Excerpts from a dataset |

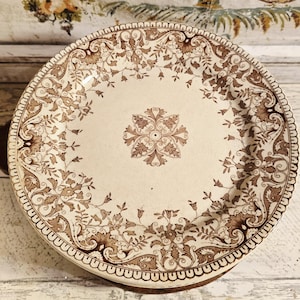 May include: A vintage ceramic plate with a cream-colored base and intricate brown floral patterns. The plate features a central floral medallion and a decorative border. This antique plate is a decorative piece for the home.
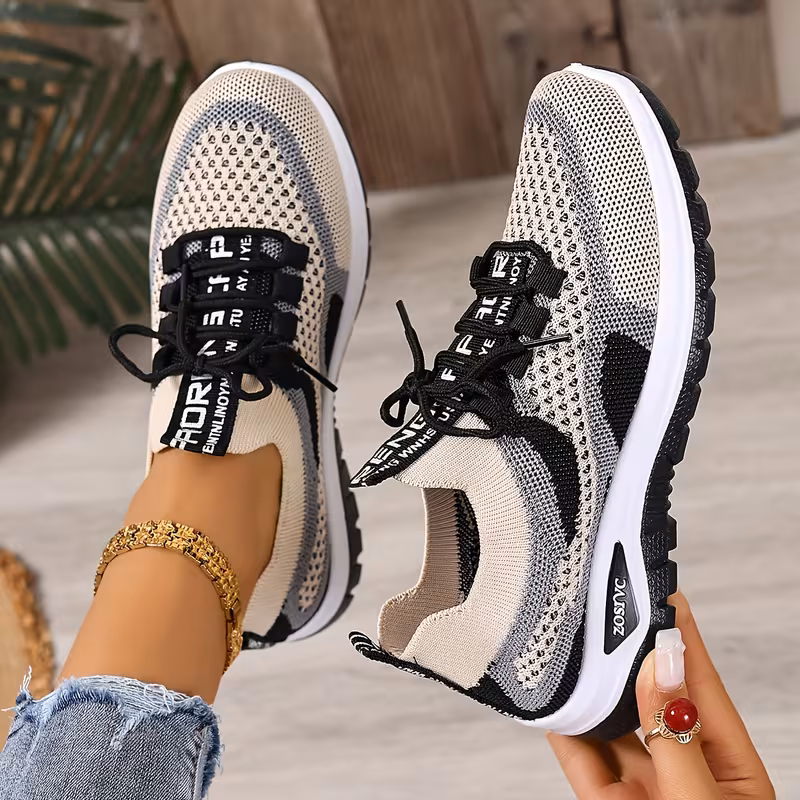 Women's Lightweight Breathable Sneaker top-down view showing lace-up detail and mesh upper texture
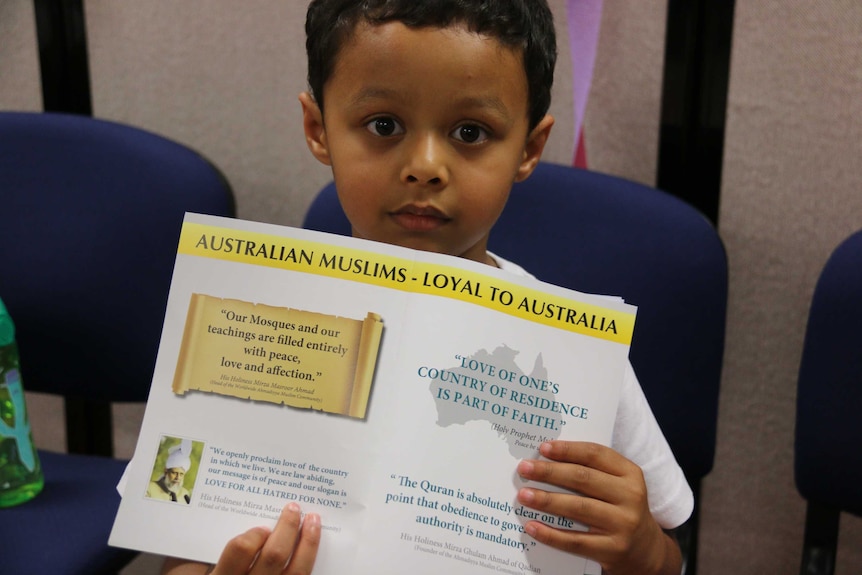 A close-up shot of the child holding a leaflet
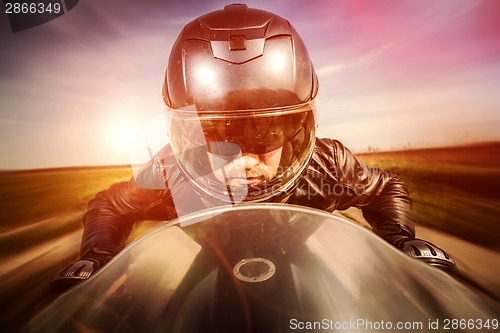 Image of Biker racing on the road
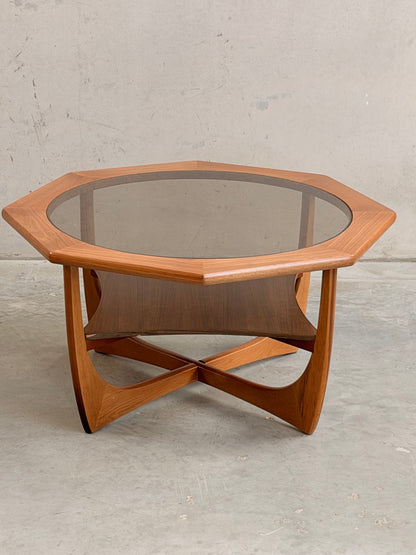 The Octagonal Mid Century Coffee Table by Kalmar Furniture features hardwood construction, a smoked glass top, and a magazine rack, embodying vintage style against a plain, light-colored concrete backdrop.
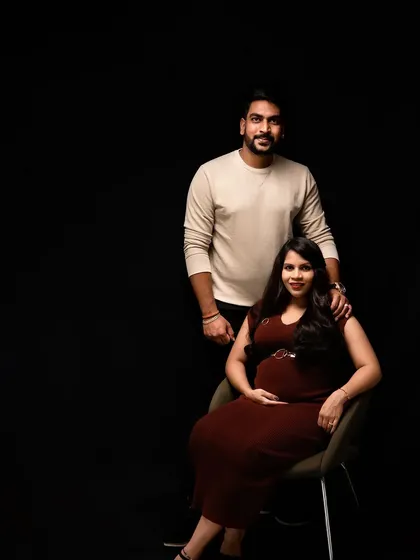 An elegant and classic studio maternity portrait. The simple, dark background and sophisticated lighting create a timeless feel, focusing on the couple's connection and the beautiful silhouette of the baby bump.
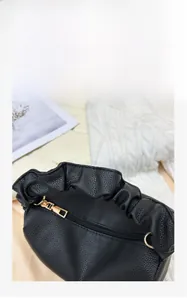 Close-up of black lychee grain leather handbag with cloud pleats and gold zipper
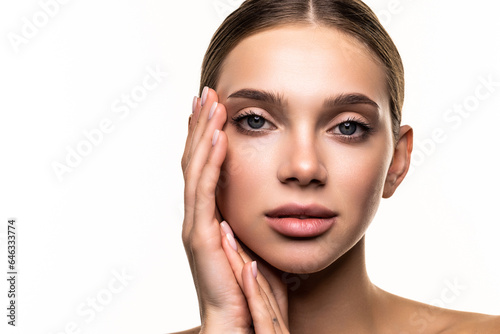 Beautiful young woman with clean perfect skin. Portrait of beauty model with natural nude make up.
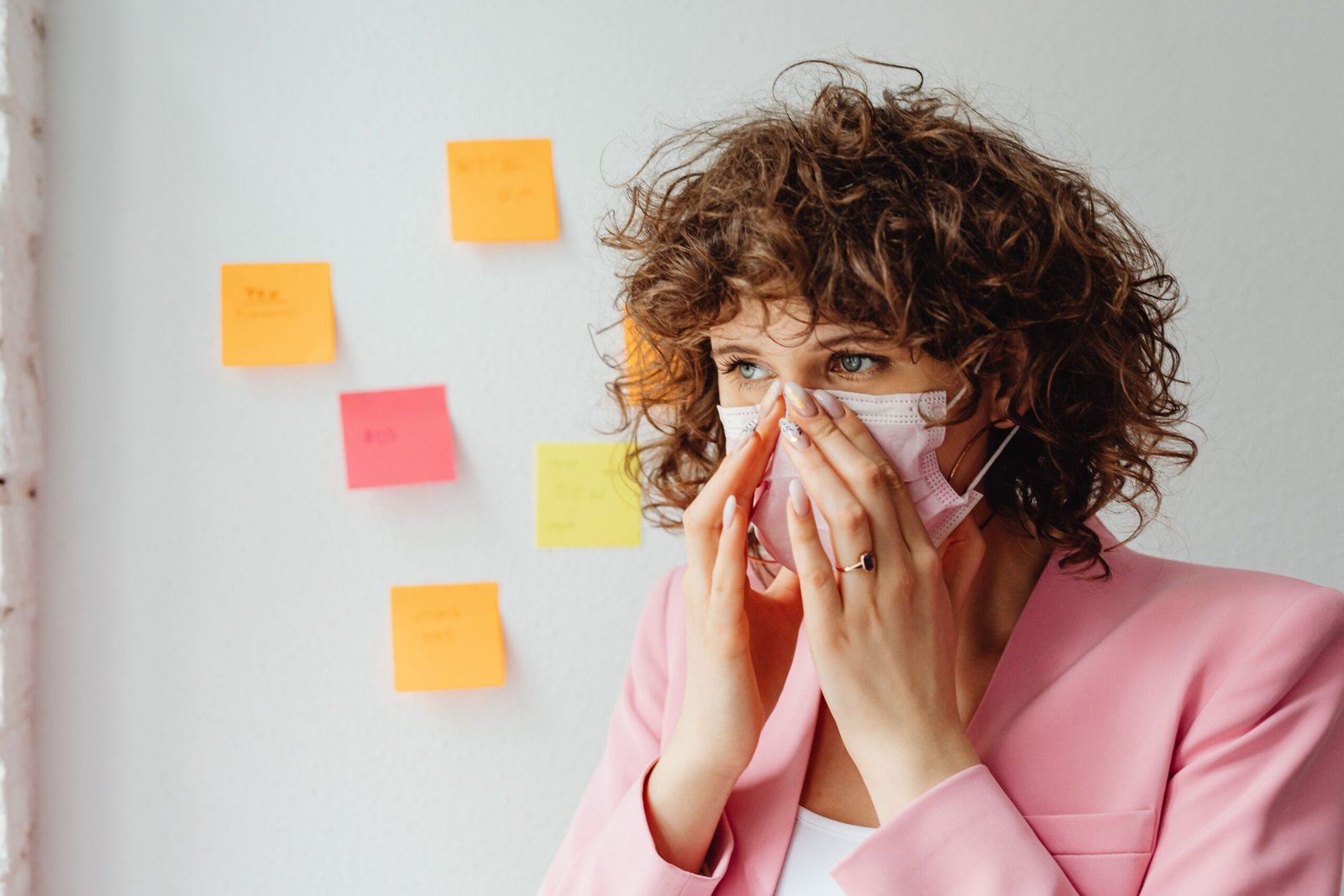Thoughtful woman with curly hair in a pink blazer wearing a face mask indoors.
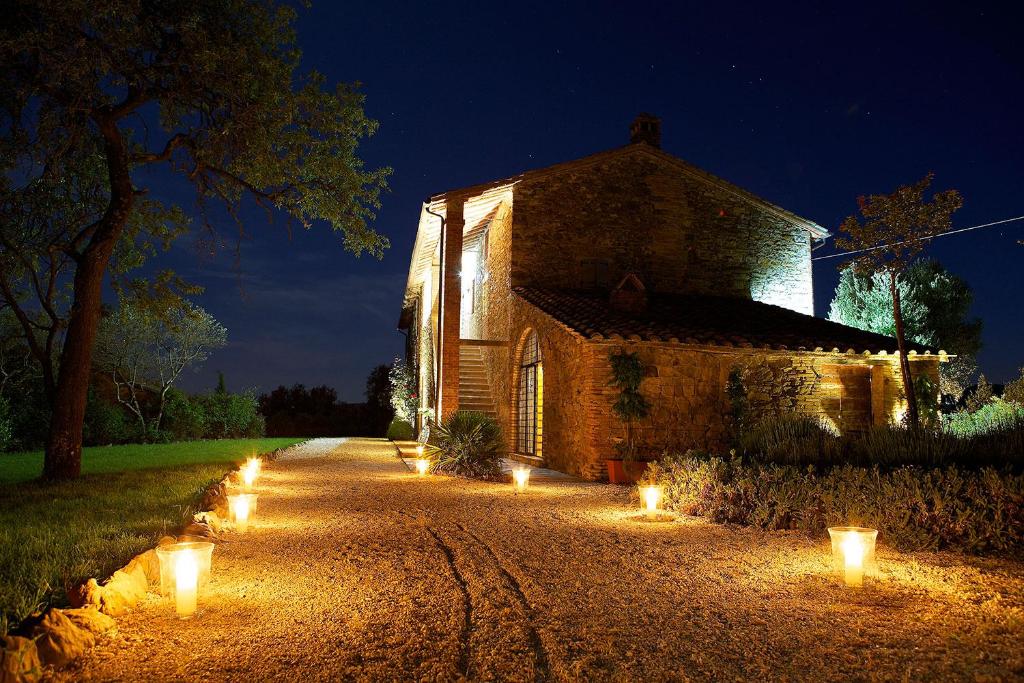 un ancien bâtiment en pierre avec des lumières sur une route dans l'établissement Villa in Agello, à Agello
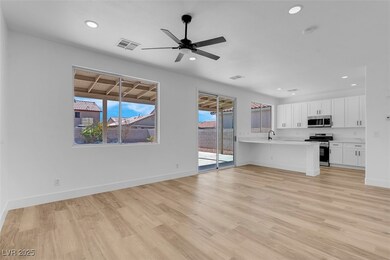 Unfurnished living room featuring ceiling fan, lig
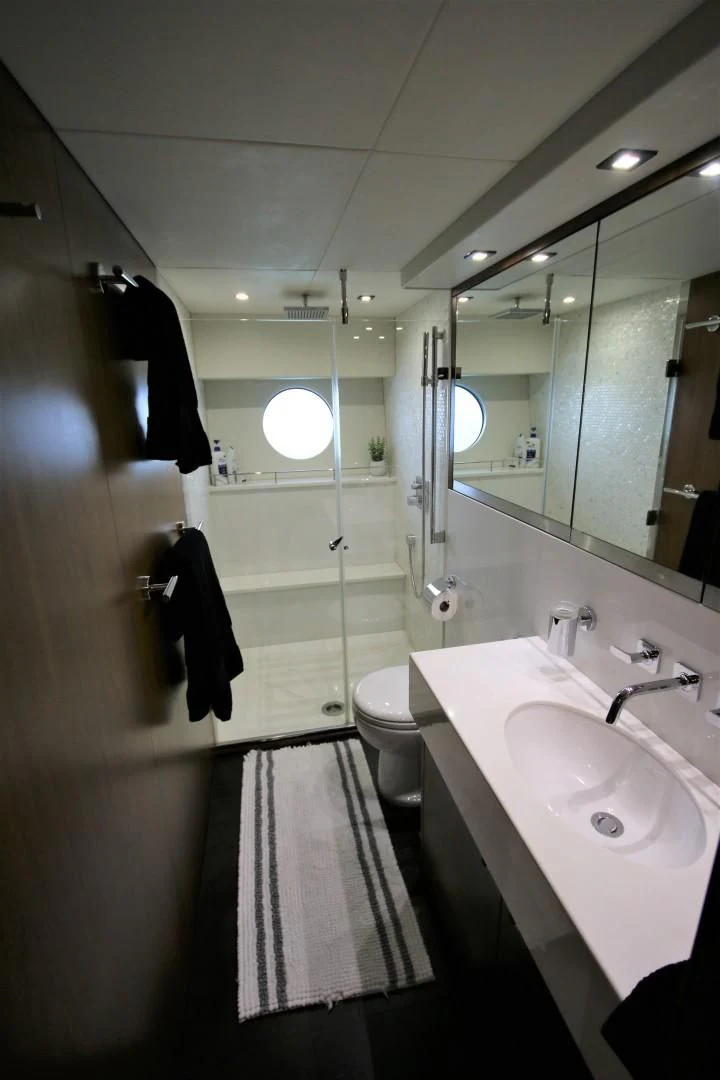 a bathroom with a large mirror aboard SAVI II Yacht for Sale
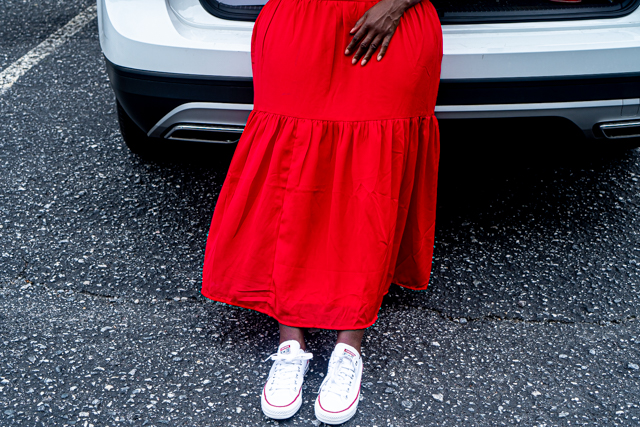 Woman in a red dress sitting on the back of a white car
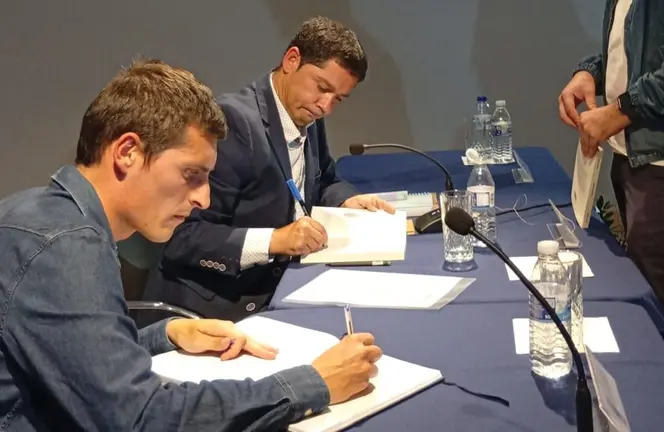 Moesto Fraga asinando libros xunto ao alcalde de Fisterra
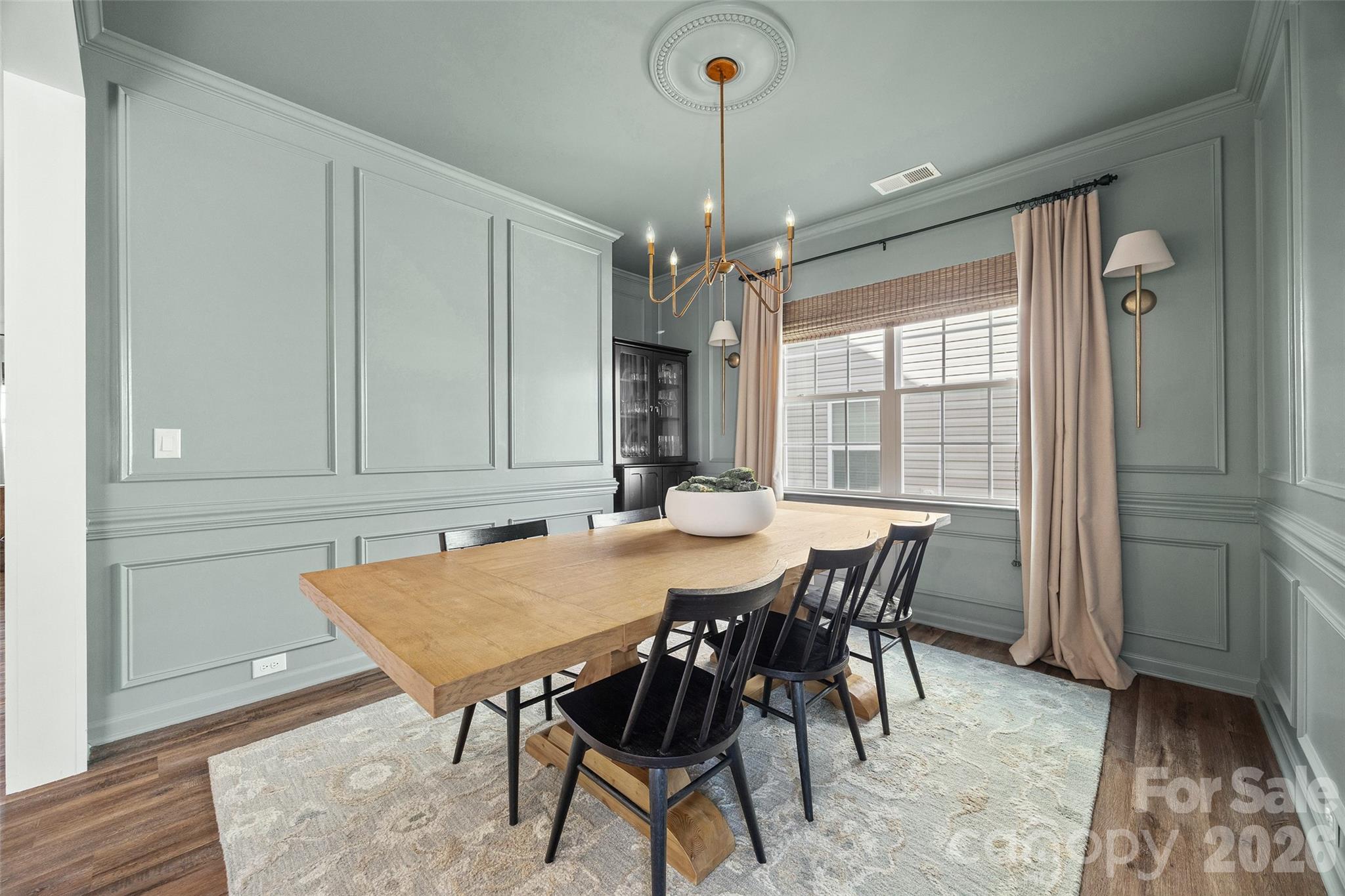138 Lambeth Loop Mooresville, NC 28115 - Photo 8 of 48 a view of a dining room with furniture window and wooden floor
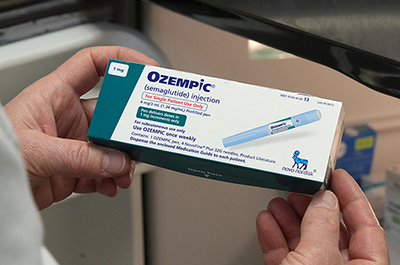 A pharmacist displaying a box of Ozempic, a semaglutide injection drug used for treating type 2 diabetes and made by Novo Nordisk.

Action item |
Above are the records; copy from them only the lines starting at the one containing "Women's Lightweight Breathable" and ending at the one containing "138 Lambeth Loop", exactly and without pictures.

Completed task |
 Women's Lightweight Breathable Sneaker top-down view showing lace-up detail and mesh upper texture
 A close-up shot of the child holding a leaflet
 Image of Biker racing on the road
 The Octagonal Mid Century Coffee Table by Kalmar Furniture features hardwood construction, a smoked glass top, and a magazine rack, embodying vintage style against a plain, light-colored concrete backdrop.
 An elegant and classic studio maternity portrait. The simple, dark background and sophisticated lighting create a timeless feel, focusing on the couple's connection and the beautiful silhouette of the baby bump.
 Close-up of black lychee grain leather handbag with cloud pleats and gold zipper
 Beautiful young woman with clean perfect skin. Portrait of beauty model with natural nude make up.
Thoughtful woman with curly hair in a pink blazer wearing a face mask indoors.
 un ancien bâtiment en pierre avec des lumières sur une route dans l'établissement Villa in Agello, à Agello
 Unfurnished living room featuring ceiling fan, lig
 a bathroom with a large mirror aboard SAVI II Yacht for Sale
 Woman in a red dress sitting on the back of a white car
 Moesto Fraga asinando libros xunto ao alcalde de Fisterra
138 Lambeth Loop Mooresville, NC 28115 - Photo 8 of 48 a view of a dining room with furniture window and wooden floor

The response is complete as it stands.